君碧幽有些詫異地瞪着慕容雨,從他冰冷得近乎無情的語氣中頭一次覺得他並非自己心裏最初所認定的那麼簡單,那麼超脫於塵世之外,那麼的——無所掛懷。那種堅決的神情,僅僅是因為宮瑾行刺的是皇帝,還是因為皇帝是他的朋友?頭一次,她感覺自己對慕容雨還很陌生。他遠沒有慕容如風那麼純真清澈,如一池湖水般一目了然。慕容雨更像一片海:蔚藍的湖面,起伏的波濤都在強烈吸引着你欲投身其中。但若真的跳下去了,會是什麼樣的結果?是溺身於浩瀚的海洋中如魚得水?還是會迷失於其中,不辨方向?

“帶我去看看他。”她靜靜地說,“我希望我能說服他改變想法。”

慕容雨無言的點點頭。這的確是他把宮瑾現狀告訴君碧幽的最終目的。

在大內的深處,有一座被遺棄很久的內殿,屋子很小,本來是作為囚禁被貶嬪妃用的冷宮,但此刻被禁錮在裏面的卻是一個男子:宮瑾。

此時本來是春天,外面都是春暖花開,卻不知為何君碧幽一踏到這裏就感到一種前所未有的陰冷,幾乎比在幽羅城中給人的感覺還要寂寞凄清。殿外沒有任何的花草樹木,只有雜草叢生,連牆皮都已脫落,到處都在顯示這是一個被人遺忘的角落。

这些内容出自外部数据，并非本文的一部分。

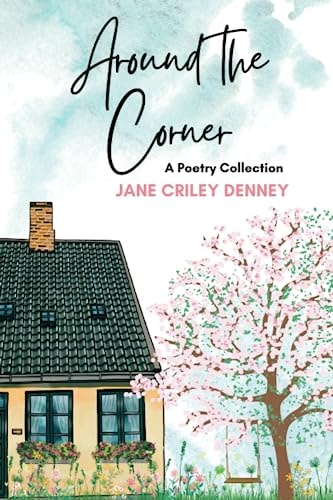 Around the Corner A Poetry Collection
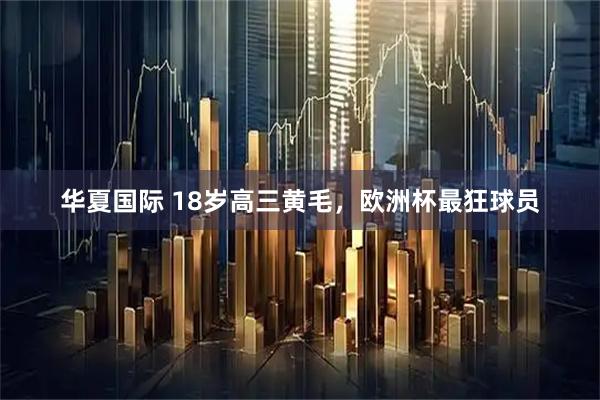 华夏国际 18岁高三黄毛，欧洲杯最狂球员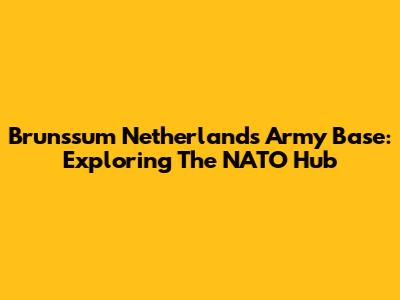 Brunssum Netherlands Army Base: Exploring The NATO Hub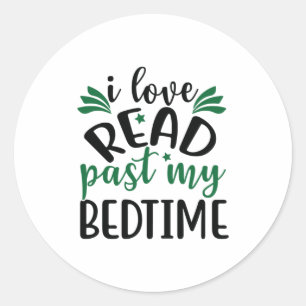 Reading Art I Love Read Past My Bedtime Classic Round Sticker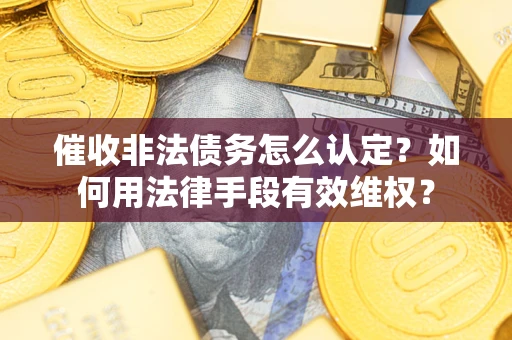 武汉催收非法债务怎么认定？如何用法律手段有效维权？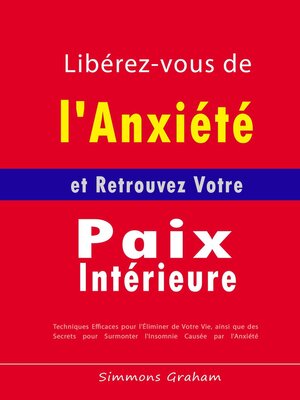 cover image of Libérez-vous de l'Anxiété et Retrouvez Votre Paix Intérieure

君碧幽獨自走進去,終於見到枯坐在窗邊正發著呆的宮瑾。她顫抖着聲音輕喚了一聲:“瑾哥!”

宮瑾回過頭來,看到她的那一剎他的眼中發出光芒,但很快就消失了,苦笑着:“他們到底還是把你叫來了。”

君碧幽幾步走過去,附下身子握住那雙腳鏈,憂鬱地問他:“為什麼會走到這一步?”

宮瑾只是抬頭看着天花板,淡淡道:“做都做了。何必要問為什麼。”他晃了晃那副腳鏈,嘲諷着:“不是誰都有機會能得到皇上賞賜的東西。”

君碧幽的眼眶微微發酸,扶着他的肩膀柔聲道:“放棄吧,瑾哥,為什麼偏要與皇帝為敵?先不談你們的血緣之親難以分離,就是單論實力你也不可能是他的敵手。不要給自己一條這麼艱難的路走。人生在世,有很多事情等着你去做,值得你去做。”

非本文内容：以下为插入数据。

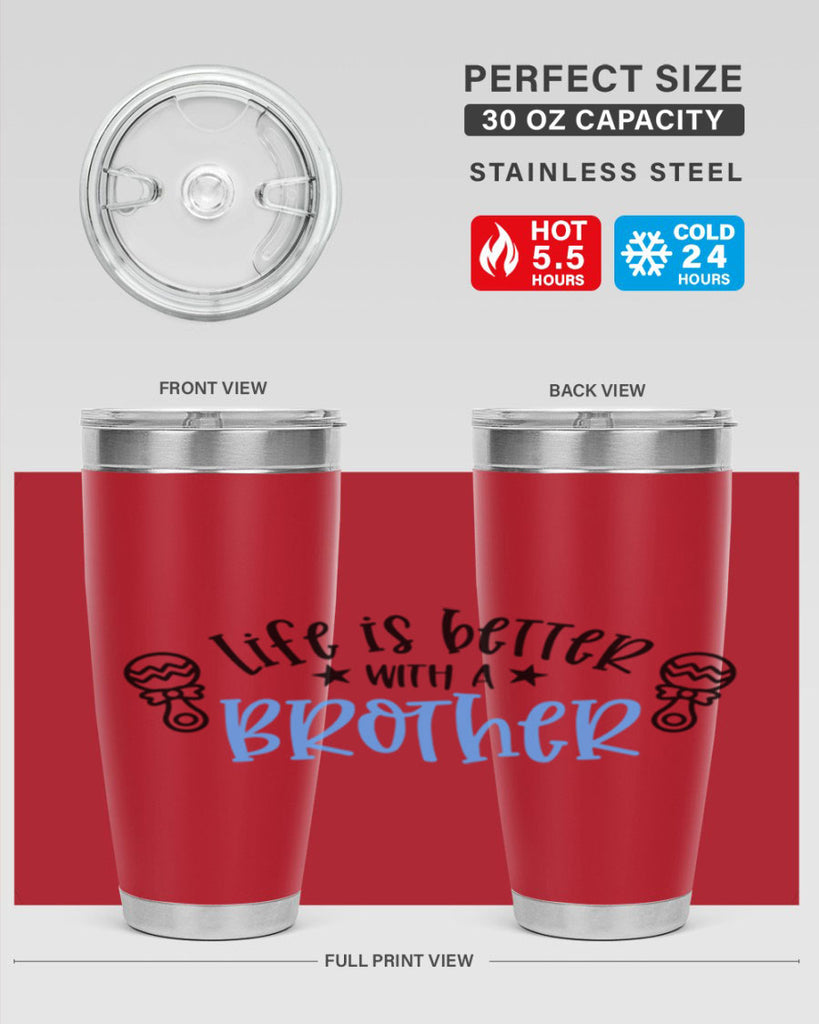 Life Is Better With A Brother Style 72#- baby- tumbler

宮瑾冷冷道:“我決定了前面的路怎麼走,就不會再回頭看。我不會因為他是皇帝就怯懦害怕。我認為是對的路,就一定要走到底!”

“可現在你是錯了!”君碧幽大聲說道。“你錯了,並不是錯在你與皇帝為敵,而是與一個不該與你為敵的人為敵。這會讓你活得很痛苦,你知道嗎?”

宮瑾恨聲道:“你也幫他說話?你認識他嗎?你對他了解有多少?你我認識又有多少年了?你現在居然就這麼輕易地背叛我?”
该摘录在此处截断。